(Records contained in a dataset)
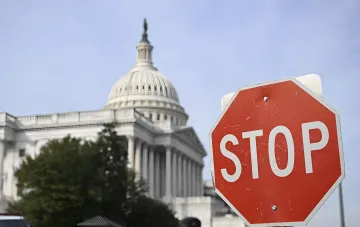 Stop sign in foreground with blurred U.S. Capitol building in background — metaphor for halting legislative changes in Ukraine
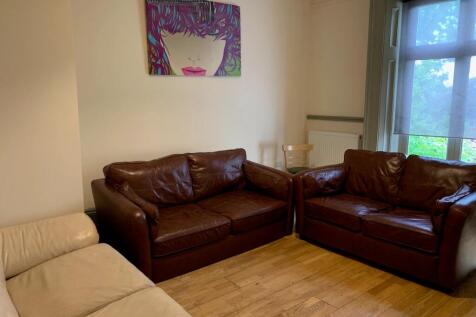 Cozy living room featuring comfortable leather ...
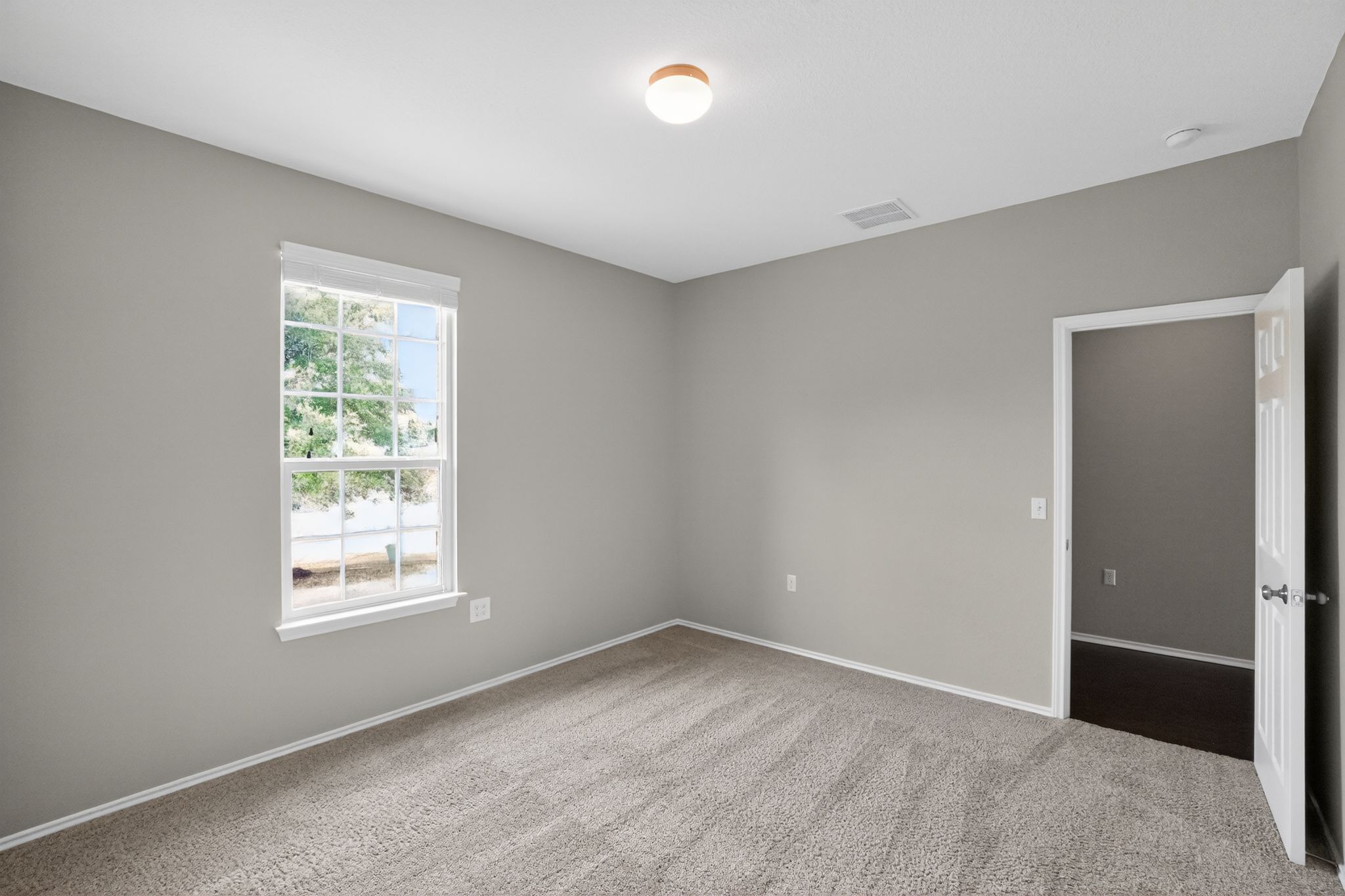 5816 Minch Road Austin, TX 78754 - Photo 5 of 15 This room features a window providing natural light, a neutral color palette, and carpeted flooring
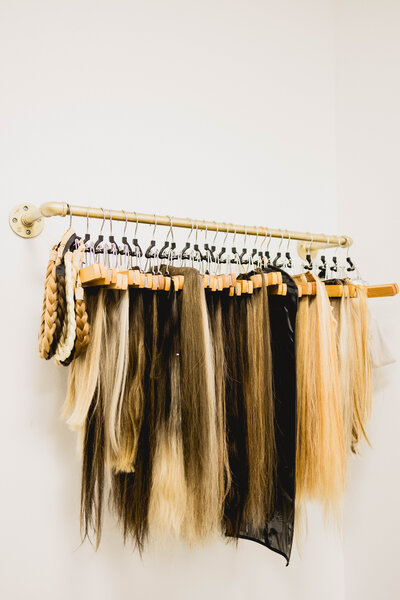 hair extensions hanging from a gold rack on a wall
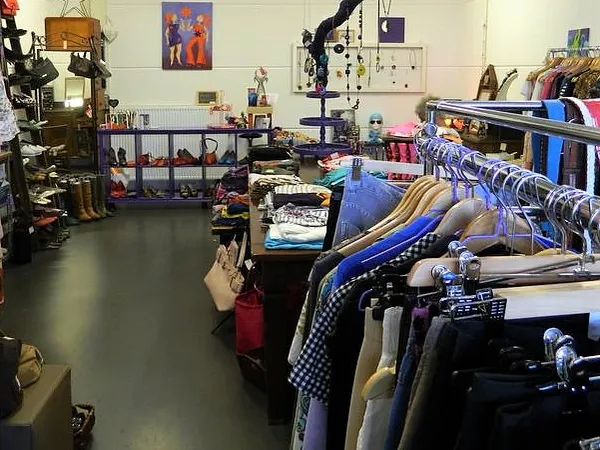 Interieur van kringloopwinkel met kledingrekken, speelgoed en diverse spullen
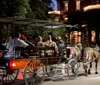 A horse-drawn carriage carrying passengers travels through a dimly-lit urban area at dusk or night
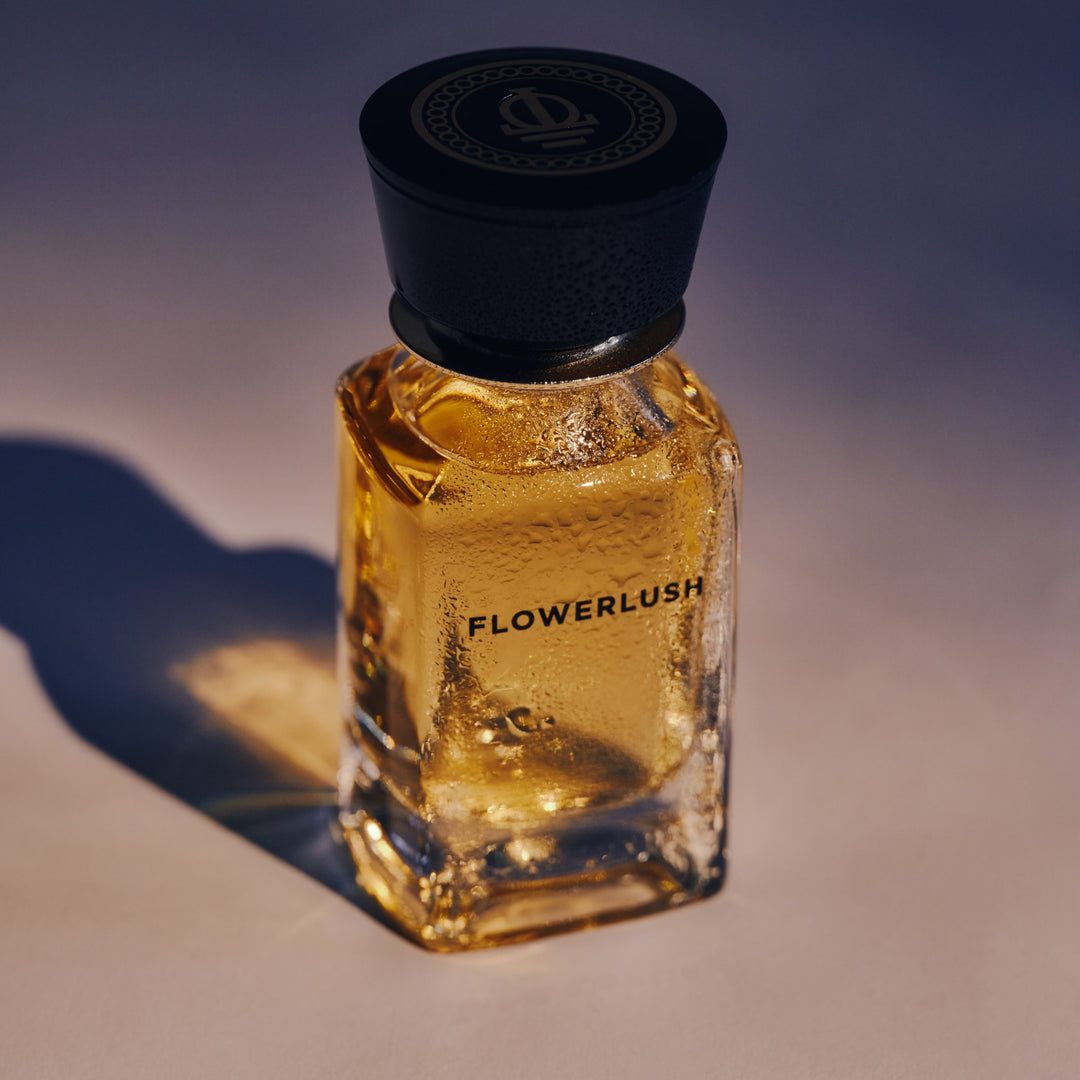 Oman Luxury Flowerlush Eau de Parfum bottle in low golden sun against a dusk blue backdrop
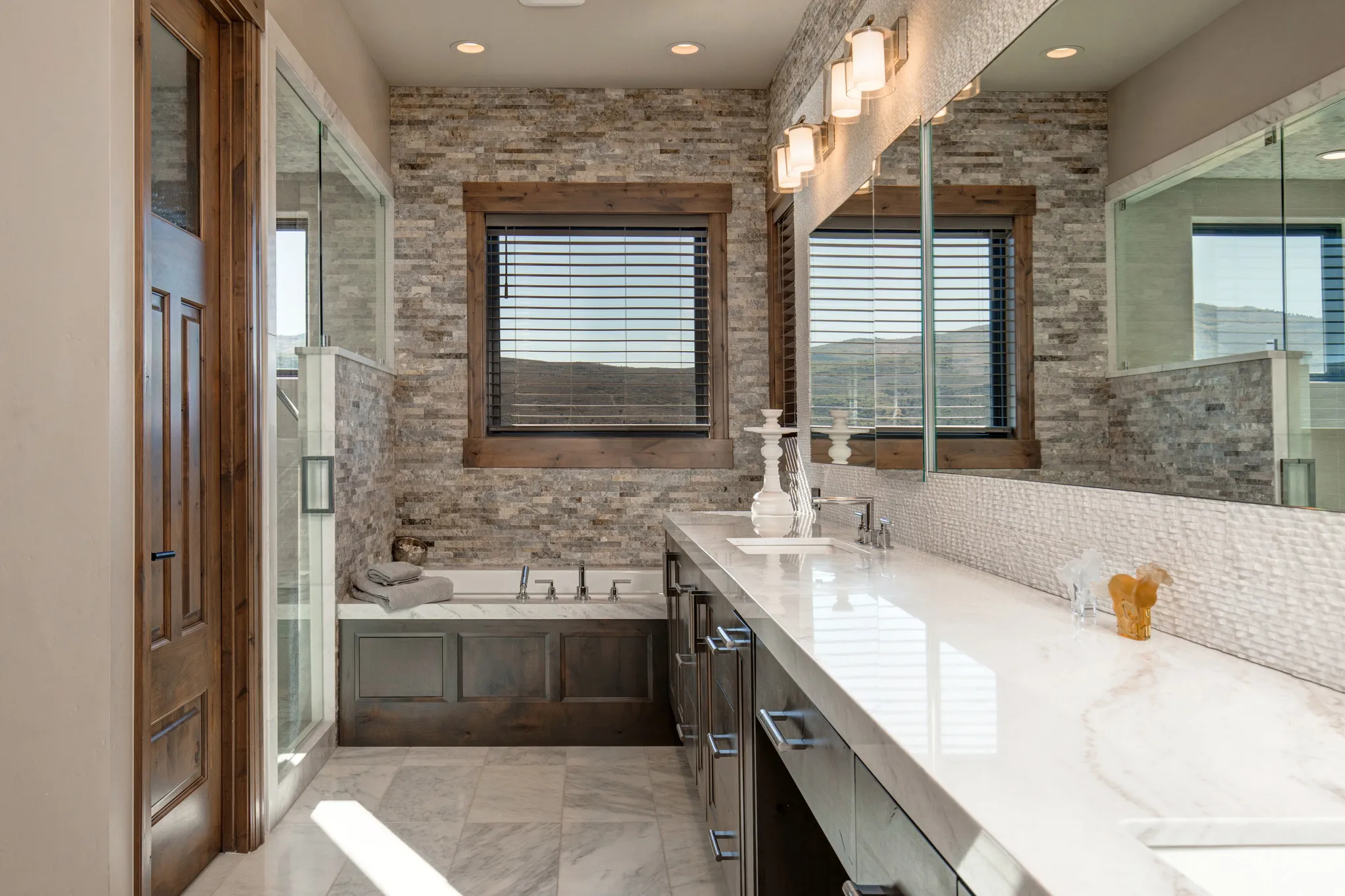 Spacious bathroom featuring a dual vanity with a light-toned countertop, integrated soaking tub, stone accent wall, glass-enclosed shower, and wood-paneled door
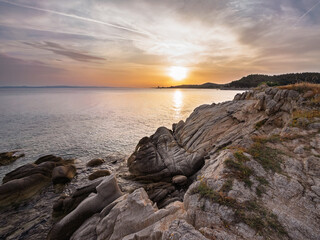 Breathtaking sunset over rocky coastline at peaceful seaside location Toroni on Sithonia peninsula, Greece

:: WHAT NEEDS TO BE DONE ::
Print every entry above verbatim but drop the images.

:: REPLY TO THE EXERCISE ::
 Stop sign in foreground with blurred U.S. Capitol building in background — metaphor for halting legislative changes in Ukraine
 Cozy living room featuring comfortable leather ...
 5816 Minch Road Austin, TX 78754 - Photo 5 of 15 This room features a window providing natural light, a neutral color palette, and carpeted flooring
 hair extensions hanging from a gold rack on a wall
 Interieur van kringloopwinkel met kledingrekken, speelgoed en diverse spullen
 A horse-drawn carriage carrying passengers travels through a dimly-lit urban area at dusk or night
 Oman Luxury Flowerlush Eau de Parfum bottle in low golden sun against a dusk blue backdrop
 Spacious bathroom featuring a dual vanity with a light-toned countertop, integrated soaking tub, stone accent wall, glass-enclosed shower, and wood-paneled door
 Breathtaking sunset over rocky coastline at peaceful seaside location Toroni on Sithonia peninsula, Greece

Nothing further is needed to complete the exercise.